Five major outlets scrambled to brand Trump a liar over his claim that the Lincoln Memorial Reflecting Pool was vandalized — but not one led with the $14.7 million renovation that ballooned from $1.8 million, or the $1.7 million no-bid contract handed to a Trump donor who once pleaded guilty to bribing a congressman.

The real story isn't whether sabotage or scum turned the pool green. It's that the same press corps that moved in lockstep to debunk the president couldn't be bothered to follow the money — or ask why paint is already peeling off a job Trump said would last 100 years.

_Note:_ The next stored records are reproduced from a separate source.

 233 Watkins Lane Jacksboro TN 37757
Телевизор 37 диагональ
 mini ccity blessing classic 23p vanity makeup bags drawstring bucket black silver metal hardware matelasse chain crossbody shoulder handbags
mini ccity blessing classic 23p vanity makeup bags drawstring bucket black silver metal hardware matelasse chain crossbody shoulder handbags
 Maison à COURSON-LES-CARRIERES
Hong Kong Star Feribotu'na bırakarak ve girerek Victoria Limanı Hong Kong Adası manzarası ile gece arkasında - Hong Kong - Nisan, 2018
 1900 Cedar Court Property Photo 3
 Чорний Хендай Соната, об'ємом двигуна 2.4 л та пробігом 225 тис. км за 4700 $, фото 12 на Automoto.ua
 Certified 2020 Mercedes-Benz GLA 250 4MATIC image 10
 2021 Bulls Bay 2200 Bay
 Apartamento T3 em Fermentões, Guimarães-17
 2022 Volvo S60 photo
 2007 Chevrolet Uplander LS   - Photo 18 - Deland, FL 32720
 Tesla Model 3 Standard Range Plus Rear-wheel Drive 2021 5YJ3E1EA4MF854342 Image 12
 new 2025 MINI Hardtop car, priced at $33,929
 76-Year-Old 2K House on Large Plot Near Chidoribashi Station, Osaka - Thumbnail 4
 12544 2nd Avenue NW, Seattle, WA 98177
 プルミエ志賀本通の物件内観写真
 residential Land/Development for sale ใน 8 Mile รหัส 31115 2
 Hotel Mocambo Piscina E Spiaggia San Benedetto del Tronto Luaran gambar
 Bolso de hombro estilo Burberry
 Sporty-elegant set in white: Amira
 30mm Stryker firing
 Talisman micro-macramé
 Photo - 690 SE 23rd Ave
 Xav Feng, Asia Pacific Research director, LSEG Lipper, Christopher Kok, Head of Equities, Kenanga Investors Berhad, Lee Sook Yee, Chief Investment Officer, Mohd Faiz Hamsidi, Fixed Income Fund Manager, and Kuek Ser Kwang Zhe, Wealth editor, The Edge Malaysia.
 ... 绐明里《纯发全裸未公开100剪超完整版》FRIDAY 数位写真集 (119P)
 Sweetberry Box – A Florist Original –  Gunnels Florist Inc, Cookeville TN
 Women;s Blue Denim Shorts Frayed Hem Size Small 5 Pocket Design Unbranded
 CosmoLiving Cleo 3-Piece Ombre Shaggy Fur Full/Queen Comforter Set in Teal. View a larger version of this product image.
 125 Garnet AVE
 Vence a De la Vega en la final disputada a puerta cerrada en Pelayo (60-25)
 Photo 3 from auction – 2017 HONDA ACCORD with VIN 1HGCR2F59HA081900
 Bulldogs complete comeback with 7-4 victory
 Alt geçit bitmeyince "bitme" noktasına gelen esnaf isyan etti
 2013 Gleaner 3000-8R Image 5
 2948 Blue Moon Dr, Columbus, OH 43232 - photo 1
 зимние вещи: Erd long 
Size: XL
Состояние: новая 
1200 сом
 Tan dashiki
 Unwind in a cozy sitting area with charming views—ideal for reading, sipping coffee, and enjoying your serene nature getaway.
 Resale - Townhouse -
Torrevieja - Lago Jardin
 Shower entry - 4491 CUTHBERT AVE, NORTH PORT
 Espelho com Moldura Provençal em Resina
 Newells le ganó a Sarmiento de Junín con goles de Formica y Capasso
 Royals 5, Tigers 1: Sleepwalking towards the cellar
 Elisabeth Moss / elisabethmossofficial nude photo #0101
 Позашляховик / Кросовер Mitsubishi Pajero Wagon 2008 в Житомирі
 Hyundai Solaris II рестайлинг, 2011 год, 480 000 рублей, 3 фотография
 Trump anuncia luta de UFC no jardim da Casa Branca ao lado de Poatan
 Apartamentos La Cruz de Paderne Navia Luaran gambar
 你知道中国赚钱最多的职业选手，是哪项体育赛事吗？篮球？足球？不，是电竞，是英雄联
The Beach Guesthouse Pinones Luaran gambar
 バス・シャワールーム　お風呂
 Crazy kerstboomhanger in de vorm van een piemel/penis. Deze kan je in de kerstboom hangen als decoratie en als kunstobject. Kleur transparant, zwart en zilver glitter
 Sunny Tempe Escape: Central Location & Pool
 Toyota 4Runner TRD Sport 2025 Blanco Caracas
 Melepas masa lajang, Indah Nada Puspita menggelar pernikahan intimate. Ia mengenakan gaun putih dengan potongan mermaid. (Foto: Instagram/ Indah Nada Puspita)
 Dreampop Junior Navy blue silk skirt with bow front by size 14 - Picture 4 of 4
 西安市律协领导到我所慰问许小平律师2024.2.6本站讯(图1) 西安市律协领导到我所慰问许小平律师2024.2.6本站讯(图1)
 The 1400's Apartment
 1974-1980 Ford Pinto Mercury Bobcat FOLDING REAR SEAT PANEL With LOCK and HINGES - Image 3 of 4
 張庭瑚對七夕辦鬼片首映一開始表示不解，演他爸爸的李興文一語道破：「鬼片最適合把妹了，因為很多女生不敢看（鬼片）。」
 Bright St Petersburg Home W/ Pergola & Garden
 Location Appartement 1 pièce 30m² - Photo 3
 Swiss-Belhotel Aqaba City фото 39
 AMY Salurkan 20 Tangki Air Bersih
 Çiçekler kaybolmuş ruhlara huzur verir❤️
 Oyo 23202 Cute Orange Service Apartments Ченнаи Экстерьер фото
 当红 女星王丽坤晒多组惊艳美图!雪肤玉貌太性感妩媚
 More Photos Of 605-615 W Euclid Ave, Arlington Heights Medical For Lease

Trump posted on Truth Social Friday night that the Reflecting Pool had been vandalized, linking it to the mysterious "8647" etched into the National Mall grass days earlier. "They used something similar in the Reflecting Pool to try to destroy and demean our beautiful work," he wrote. CNN noted Trump offered the claim "without providing evidence." The Los Angeles Times ran an explainer on algae science — nitrogen, phosphorus, Potomac River runoff, summer heat. NBC News and the Washington Post both focused on the peeling blue paint. Nobody entertained the possibility that both things could be true: that algae bloomed and that someone tampered with a fresh surface.

Here's what the algae coverage buried. CBS News reported that a $1.7 million no-bid contract for a "Nano Bubble" filtration system went to Green Water Solutions, an Ohio company owned by the JJ Cafaro Investment Trust. John J. Cafaro, the trust's president and CEO, donated $250,000 to the Trump Victory committee in 2020 and has given to other GOP candidates and conservative causes. Cafaro also has a record: he pleaded guilty in 2010 to campaign finance violations over donations to his daughter's congressional race, and nearly a decade earlier pleaded guilty to conspiring to bribe Democratic Rep. James Traficant. Cafaro and his wife own a home less than a mile from Mar-a-Lago.

The government used a contracting rule for projects of "unusual and compelling urgency" to skip competitive bidding — citing the need to finish before July 4. The same company's LinkedIn page shows it previously did water treatment work on a pond at Trump's Bedminster golf club.

Meanwhile, the total renovation cost has exploded from Trump's initial estimate of under $2 million to $14.7 million, according to an Interior Department contract summary cited by CNN and a federal spending database cited by NBC News. The president handpicked the pool's new color — "American Flag Blue" — and Interior Secretary Doug Burgum personally promoted the paint job on social media.

The Interior Department's X account declared the nanobubbler technology had "very effectively killed the algae," then compared dead algae to "the destroyed Iranian Navy resting on the bottom of the Persian Gulf." The pool's blue paint is now visibly peeling in strips, floating on the water for tourists to see.

Whether someone sabotaged the Reflecting Pool or $15 million worth of work is simply falling apart in the D.C. heat, the press proved it can coordinate a debunking faster than it can follow a no-bid contract to a donor's doorstep.